_WORK TO BE COMPLETED_: How many lines in these records include the string "White"? Reply with that number alone.
───── AVAILABLE RECORDS
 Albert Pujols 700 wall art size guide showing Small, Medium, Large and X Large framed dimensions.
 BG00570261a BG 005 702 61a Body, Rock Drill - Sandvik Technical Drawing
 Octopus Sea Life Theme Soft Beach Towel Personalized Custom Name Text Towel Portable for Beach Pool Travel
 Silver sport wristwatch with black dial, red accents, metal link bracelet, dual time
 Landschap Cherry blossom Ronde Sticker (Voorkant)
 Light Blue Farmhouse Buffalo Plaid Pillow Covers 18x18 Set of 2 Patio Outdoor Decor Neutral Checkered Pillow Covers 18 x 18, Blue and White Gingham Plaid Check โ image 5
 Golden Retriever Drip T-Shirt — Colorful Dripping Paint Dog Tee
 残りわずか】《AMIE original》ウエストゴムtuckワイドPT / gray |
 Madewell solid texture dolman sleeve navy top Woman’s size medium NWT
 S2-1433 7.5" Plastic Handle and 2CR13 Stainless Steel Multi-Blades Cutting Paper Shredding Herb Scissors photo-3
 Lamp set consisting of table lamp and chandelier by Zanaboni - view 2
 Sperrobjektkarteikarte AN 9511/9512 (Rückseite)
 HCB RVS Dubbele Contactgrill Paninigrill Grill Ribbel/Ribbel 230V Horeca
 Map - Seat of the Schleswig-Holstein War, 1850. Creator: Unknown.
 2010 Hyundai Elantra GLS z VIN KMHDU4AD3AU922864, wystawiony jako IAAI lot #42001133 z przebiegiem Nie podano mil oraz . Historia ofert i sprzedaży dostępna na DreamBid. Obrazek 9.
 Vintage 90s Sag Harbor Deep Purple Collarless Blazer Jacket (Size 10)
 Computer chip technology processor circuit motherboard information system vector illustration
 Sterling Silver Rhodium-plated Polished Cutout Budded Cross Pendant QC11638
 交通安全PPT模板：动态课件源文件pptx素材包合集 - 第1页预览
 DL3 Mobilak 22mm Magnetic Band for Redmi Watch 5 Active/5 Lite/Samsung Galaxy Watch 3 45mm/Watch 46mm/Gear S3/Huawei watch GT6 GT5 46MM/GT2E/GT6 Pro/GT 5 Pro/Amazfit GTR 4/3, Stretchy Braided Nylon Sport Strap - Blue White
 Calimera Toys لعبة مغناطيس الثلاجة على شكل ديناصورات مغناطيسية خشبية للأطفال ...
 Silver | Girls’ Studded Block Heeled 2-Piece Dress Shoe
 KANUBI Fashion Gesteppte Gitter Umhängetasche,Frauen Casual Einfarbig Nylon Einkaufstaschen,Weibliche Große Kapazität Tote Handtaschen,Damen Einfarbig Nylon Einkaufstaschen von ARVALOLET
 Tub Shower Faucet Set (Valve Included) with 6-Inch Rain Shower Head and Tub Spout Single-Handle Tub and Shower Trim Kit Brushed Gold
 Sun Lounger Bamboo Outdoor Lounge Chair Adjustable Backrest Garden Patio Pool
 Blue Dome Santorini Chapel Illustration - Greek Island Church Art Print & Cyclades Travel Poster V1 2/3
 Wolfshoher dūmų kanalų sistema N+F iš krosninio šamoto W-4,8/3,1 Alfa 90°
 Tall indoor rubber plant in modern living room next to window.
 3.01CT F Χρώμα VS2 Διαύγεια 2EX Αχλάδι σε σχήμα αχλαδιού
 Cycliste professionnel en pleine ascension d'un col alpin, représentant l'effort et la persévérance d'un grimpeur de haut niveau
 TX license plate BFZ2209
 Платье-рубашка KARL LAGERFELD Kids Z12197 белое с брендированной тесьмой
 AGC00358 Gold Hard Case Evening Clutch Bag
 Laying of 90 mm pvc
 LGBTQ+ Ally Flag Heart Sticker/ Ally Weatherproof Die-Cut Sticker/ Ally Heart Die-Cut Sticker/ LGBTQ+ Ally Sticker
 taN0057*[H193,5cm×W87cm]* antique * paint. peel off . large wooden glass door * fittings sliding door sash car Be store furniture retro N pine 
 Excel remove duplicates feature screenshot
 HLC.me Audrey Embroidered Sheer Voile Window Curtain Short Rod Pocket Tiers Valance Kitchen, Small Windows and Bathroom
──────────
_SOLUTION FOR THIS PROBLEM_: 2